··· SOURCE DATA

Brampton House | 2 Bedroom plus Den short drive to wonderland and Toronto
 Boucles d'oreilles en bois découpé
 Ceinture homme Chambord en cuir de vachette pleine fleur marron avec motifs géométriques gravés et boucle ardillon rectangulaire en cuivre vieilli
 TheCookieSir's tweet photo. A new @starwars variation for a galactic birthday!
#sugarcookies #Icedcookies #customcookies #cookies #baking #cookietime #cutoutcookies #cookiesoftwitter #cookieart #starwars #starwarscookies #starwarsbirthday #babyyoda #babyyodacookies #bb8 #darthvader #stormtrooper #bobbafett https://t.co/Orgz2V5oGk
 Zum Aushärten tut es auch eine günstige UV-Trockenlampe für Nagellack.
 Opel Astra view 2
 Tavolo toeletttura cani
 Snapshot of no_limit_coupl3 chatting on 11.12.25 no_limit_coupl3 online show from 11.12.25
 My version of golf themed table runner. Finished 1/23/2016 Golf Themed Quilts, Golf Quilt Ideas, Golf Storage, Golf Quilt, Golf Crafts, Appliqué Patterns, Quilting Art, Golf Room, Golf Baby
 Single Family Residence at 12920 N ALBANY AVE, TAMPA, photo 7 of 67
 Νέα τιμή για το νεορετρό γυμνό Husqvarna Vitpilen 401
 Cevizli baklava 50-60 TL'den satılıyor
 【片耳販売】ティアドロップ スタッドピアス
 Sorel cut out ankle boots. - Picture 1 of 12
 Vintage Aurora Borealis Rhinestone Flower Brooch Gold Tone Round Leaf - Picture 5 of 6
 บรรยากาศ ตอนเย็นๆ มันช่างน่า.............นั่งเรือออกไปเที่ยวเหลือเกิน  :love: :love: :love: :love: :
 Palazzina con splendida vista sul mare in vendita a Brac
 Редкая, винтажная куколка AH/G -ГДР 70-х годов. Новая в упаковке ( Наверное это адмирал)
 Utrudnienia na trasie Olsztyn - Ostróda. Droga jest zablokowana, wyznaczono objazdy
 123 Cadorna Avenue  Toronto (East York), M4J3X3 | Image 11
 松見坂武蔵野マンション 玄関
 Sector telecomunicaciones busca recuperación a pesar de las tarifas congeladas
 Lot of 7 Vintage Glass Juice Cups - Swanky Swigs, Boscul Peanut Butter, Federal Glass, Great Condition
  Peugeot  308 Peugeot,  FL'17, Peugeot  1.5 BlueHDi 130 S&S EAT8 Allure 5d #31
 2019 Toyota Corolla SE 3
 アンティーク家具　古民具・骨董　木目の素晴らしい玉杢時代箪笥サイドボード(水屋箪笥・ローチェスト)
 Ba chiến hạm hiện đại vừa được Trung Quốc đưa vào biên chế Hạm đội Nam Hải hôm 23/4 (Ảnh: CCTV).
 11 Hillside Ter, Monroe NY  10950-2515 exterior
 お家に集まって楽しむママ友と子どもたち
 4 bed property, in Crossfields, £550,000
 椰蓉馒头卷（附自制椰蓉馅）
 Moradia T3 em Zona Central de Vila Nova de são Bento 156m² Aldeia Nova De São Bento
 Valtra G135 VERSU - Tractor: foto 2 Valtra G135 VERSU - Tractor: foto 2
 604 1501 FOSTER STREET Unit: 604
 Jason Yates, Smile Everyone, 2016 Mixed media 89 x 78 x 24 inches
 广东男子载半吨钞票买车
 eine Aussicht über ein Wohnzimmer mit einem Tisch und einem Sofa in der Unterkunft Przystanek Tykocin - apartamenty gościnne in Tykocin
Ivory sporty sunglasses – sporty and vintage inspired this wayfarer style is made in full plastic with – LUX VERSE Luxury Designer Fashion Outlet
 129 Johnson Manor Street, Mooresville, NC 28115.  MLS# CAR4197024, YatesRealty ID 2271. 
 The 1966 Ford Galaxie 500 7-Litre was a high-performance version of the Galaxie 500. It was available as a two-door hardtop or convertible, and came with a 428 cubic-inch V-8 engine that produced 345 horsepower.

······

WHAT TO DO - Repeat each line above exactly as it stands.

OUTPUT -
Brampton House | 2 Bedroom plus Den short drive to wonderland and Toronto
 Boucles d'oreilles en bois découpé
 Ceinture homme Chambord en cuir de vachette pleine fleur marron avec motifs géométriques gravés et boucle ardillon rectangulaire en cuivre vieilli
 TheCookieSir's tweet photo. A new @starwars variation for a galactic birthday!
#sugarcookies #Icedcookies #customcookies #cookies #baking #cookietime #cutoutcookies #cookiesoftwitter #cookieart #starwars #starwarscookies #starwarsbirthday #babyyoda #babyyodacookies #bb8 #darthvader #stormtrooper #bobbafett https://t.co/Orgz2V5oGk
 Zum Aushärten tut es auch eine günstige UV-Trockenlampe für Nagellack.
 Opel Astra view 2
 Tavolo toeletttura cani
 Snapshot of no_limit_coupl3 chatting on 11.12.25 no_limit_coupl3 online show from 11.12.25
 My version of golf themed table runner. Finished 1/23/2016 Golf Themed Quilts, Golf Quilt Ideas, Golf Storage, Golf Quilt, Golf Crafts, Appliqué Patterns, Quilting Art, Golf Room, Golf Baby
 Single Family Residence at 12920 N ALBANY AVE, TAMPA, photo 7 of 67
 Νέα τιμή για το νεορετρό γυμνό Husqvarna Vitpilen 401
 Cevizli baklava 50-60 TL'den satılıyor
 【片耳販売】ティアドロップ スタッドピアス
 Sorel cut out ankle boots. - Picture 1 of 12
 Vintage Aurora Borealis Rhinestone Flower Brooch Gold Tone Round Leaf - Picture 5 of 6
 บรรยากาศ ตอนเย็นๆ มันช่างน่า.............นั่งเรือออกไปเที่ยวเหลือเกิน  :love: :love: :love: :love: :
 Palazzina con splendida vista sul mare in vendita a Brac
 Редкая, винтажная куколка AH/G -ГДР 70-х годов. Новая в упаковке ( Наверное это адмирал)
 Utrudnienia na trasie Olsztyn - Ostróda. Droga jest zablokowana, wyznaczono objazdy
 123 Cadorna Avenue  Toronto (East York), M4J3X3 | Image 11
 松見坂武蔵野マンション 玄関
 Sector telecomunicaciones busca recuperación a pesar de las tarifas congeladas
 Lot of 7 Vintage Glass Juice Cups - Swanky Swigs, Boscul Peanut Butter, Federal Glass, Great Condition
  Peugeot  308 Peugeot,  FL'17, Peugeot  1.5 BlueHDi 130 S&S EAT8 Allure 5d #31
 2019 Toyota Corolla SE 3
 アンティーク家具　古民具・骨董　木目の素晴らしい玉杢時代箪笥サイドボード(水屋箪笥・ローチェスト)
 Ba chiến hạm hiện đại vừa được Trung Quốc đưa vào biên chế Hạm đội Nam Hải hôm 23/4 (Ảnh: CCTV).
 11 Hillside Ter, Monroe NY  10950-2515 exterior
 お家に集まって楽しむママ友と子どもたち
 4 bed property, in Crossfields, £550,000
 椰蓉馒头卷（附自制椰蓉馅）
 Moradia T3 em Zona Central de Vila Nova de são Bento 156m² Aldeia Nova De São Bento
 Valtra G135 VERSU - Tractor: foto 2 Valtra G135 VERSU - Tractor: foto 2
 604 1501 FOSTER STREET Unit: 604
 Jason Yates, Smile Everyone, 2016 Mixed media 89 x 78 x 24 inches
 广东男子载半吨钞票买车
 eine Aussicht über ein Wohnzimmer mit einem Tisch und einem Sofa in der Unterkunft Przystanek Tykocin - apartamenty gościnne in Tykocin
Ivory sporty sunglasses – sporty and vintage inspired this wayfarer style is made in full plastic with – LUX VERSE Luxury Designer Fashion Outlet
 129 Johnson Manor Street, Mooresville, NC 28115.  MLS# CAR4197024, YatesRealty ID 2271. 
 The 1966 Ford Galaxie 500 7-Litre was a high-performance version of the Galaxie 500. It was available as a two-door hardtop or convertible, and came with a 428 cubic-inch V-8 engine that produced 345 horsepower.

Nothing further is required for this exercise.